Should Writing Be an Art or a Career?
There’s a very funny photograph taken by Brassaï of Pablo Picasso posing in his Paris studio. Picasso had acquired a giant oil painting of a nude woman from an antique shop, and he strikes an affected pose before it, his brush poised and his little finger extended, as though he’s preparing to make the finishing touch on a masterwork. The actor Jean Marais is stretched out on the floor beside him, pretending to serve as the model despite being fully dressed. The target of the joke is clear: Picasso was ridiculing the pretensions and conventions of the professional painter. “I am not a professional artist,” Brassaï recounts him repeating, “as if he were claiming innocence of a slander.”

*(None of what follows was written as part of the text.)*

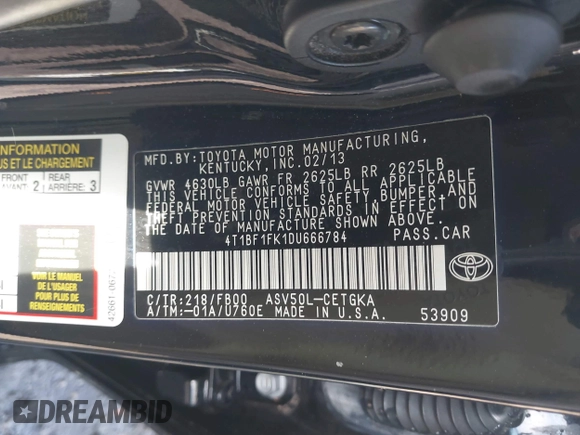 2013 Toyota Camry L with VIN 4T1BF1FK1DU666784, listed as a IAAI auction lot 41869487 with 99,396 mi miles. Bid and sale history available at carsss.com. Image 9.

The same question vexes literature, too: Is writing an art or a career, or can it be both? The Unprofessionals, the title of a new anthology of American writing from The Paris Review, defines itself against the emergence of a hyper-professionalized breed of fiction writer. In his preface to the anthology, editor Lorin Stein laments that a familiarity with social media has made young authors almost unthinkingly proficient as publicists for themselves and their friends. Even in M.F.A. programs, he argues, the tricks of self-promotion have been woven into the craft of writing, resulting in “less close reading, less real criticism, lower standards, and less regard for artistic, as opposed to commercial, success. … Young writers, in other words, were encouraged to think of themselves as professionals: to write long and network hard.”